Menurut laporan Kompas.id (14/10/2025), jutaan anak di Indonesia kini mengalami kondisi fatherless, yaitu ketiadaan peran ayah dalam tumbuh kembang anak. Kondisi ini bukan hanya akibat perceraian atau kematian, tetapi karena banyak ayah yang “hilang” di tengah kesibukan dunia kerja. 

Fakta serupa diungkap Kompas.id (12/10/2025), bahwa dukungan terhadap anak-anak fatherless kini mengalir deras lewat media sosial. Para ibu tunggal, konselor keluarga, hingga influencer ramai membicarakan isu ini, dengan narasi penyembuhan luka batin dan penguatan peran ibu.

Namun, di balik kampanye empati itu, seyogianya kita menelisik akar persoalan; mengapa peran ayah kian memudar? Mengapa generasi kehilangan figur qawwam—pelindung, penuntun, dan teladan yang seharusnya menjadi tiang rumah tangga?

Ayah Tersita, Anak Terluka

Fenomena fatherless lahir dari rahim peradaban kapitalistik–sekuler yang menuhankan materi dan menyingkirkan nilai ilahi. Dalam sistem ini, manusia diukur dari seberapa besar ia berkontribusi pada roda ekonomi, bukan seberapa utuh ia menjalankan fitrahnya.

Desakan ekonomi memaksa para ayah bekerja tanpa henti. Dari pagi hingga larut malam, waktu habis untuk mengejar angka di slip gaji. Rumah menjadi tempat singgah, bukan tempat mendidik. Anak-anak kehilangan figur yang seharusnya menjadi teladan iman dan tanggung jawab.

Artikel voi.id (11/10/2025) mencatat, jutaan anak Indonesia menjadi fatherless akibat tekanan ekonomi yang membuat ayah absen secara emosional dan psikis.

Sementara itu, dalam sistem sekuler yang menyingkirkan agama dari kehidupan, peran ayah direduksi menjadi sekadar “pencari uang.” Ia bukan lagi qawwam yang menuntun keluarga dengan nilai akidah, melainkan penyedia kebutuhan materi. Maka tak heran, banyak anak kehilangan arah, mencari figur di luar rumah, bahkan menggantungkan makna kasih pada layar gawai.

Sistem yang Membunuh Peran Ayah

Kapitalisme menanamkan logika bahwa keberhasilan laki-laki diukur dari karier dan penghasilan. Sementara perempuan didorong untuk “setara” di ranah publik, meski harus mengorbankan anak di rumah. Akhirnya, keluarga kehilangan keseimbangan. Fungsi pengasuhan, pendidikan, dan pembinaan spiritual diserahkan kepada sekolah, pengasuh, bahkan media sosial.

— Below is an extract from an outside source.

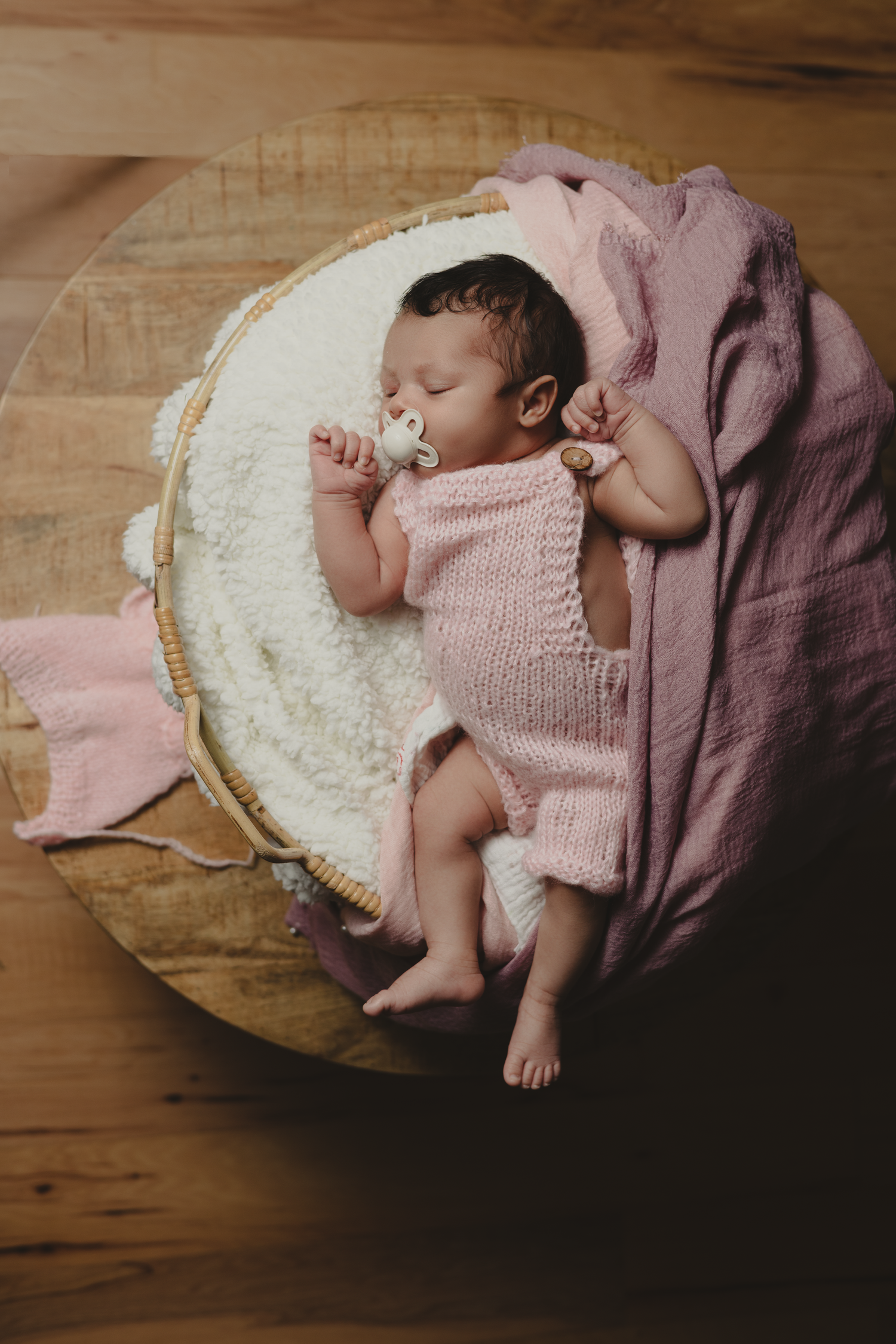 Sleeping newborn baby in pink knit romper with pacifier, nestled in a round basket with soft pink blankets.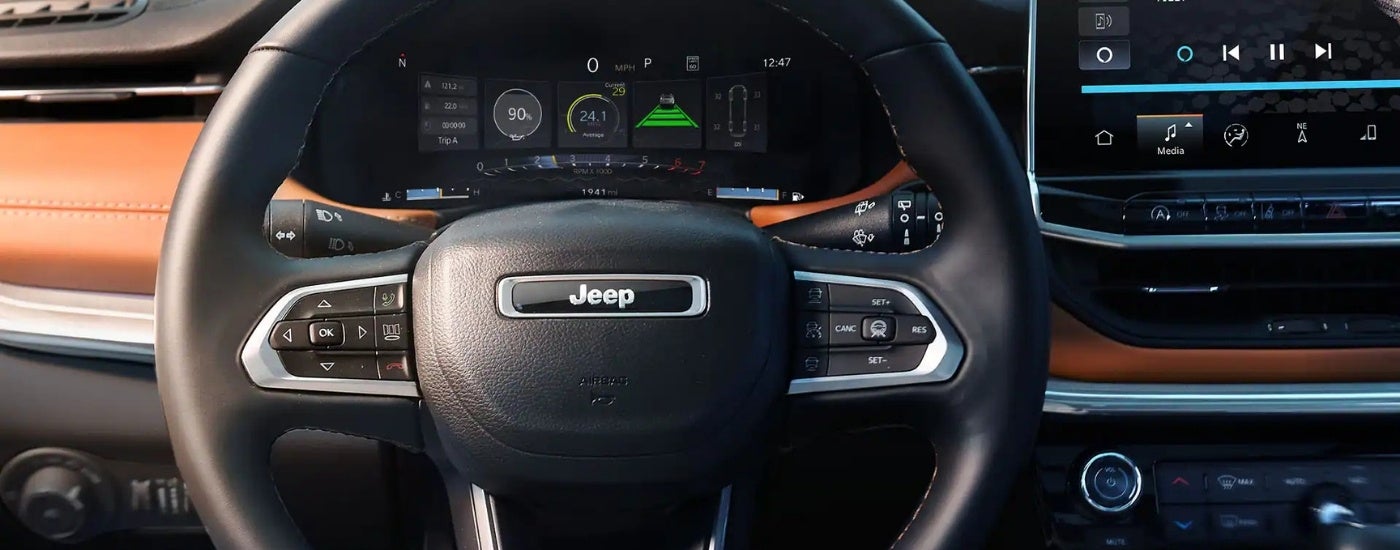 The black interior of a 2025 Jeep Compass is shown from the driver's seat.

Padahal, Islam menempatkan ayah sebagai figur sentral dalam pendidikan anak. Kisah Luqman al-Hakim menjadi teladan, bagaimana seorang ayah menanamkan tauhid dan akhlak pada anaknya dengan hikmah. Ayah bukan sekadar pemberi nafkah, tapi penjaga aqidah dan pembentuk karakter.

Namun, dalam sistem sekuler, peran spiritual itu tercerabut. Negara tak menjamin kehidupan keluarga secara adil. Lapangan kerja terbatas, upah rendah, biaya hidup tinggi. Akibatnya, ayah bekerja keras bukan untuk mendidik, tapi sekadar bertahan hidup.

Tagar.co (10/10/2025) menyebut kondisi ini sebagai “alarm untuk masa depan anak Indonesia”, karena tingginya tingkat fatherless justru terjadi di negeri yang mengklaim diri patriarkis. Bahkan ketika struktur keluarga masih diakui, sistem tetap gagal menjaga fungsi keayahannya.

Islam: Menjaga Fungsi Ayah dan Menjamin Kehidupan

Dalam pandangan Islam, ayah adalah qawwam—pemimpin, pelindung, dan penanggung jawab keluarga. Fungsinya bukan hanya memberi nafkah, tetapi menegakkan syariat Allah dalam rumah tangganya. Ia mendidik dengan iman, membimbing dengan kasih, dan menuntun dengan akhlak.

Kaum laki-laki adalah pemimpin bagi kaum wanita, karena Allah telah melebihkan sebagian mereka atas sebagian yang lain, dan karena mereka telah menafkahkan sebagian dari harta mereka.” (TQS An-Nisa:34) 

Ayat ini menegaskan peran laki-laki sebagai qawwam (penanggung jawab dan pelindung) keluarga. Dalam Islam, qawwamah bukan sekadar status, tapi amanah ilahiah untuk memimpin dengan syariat.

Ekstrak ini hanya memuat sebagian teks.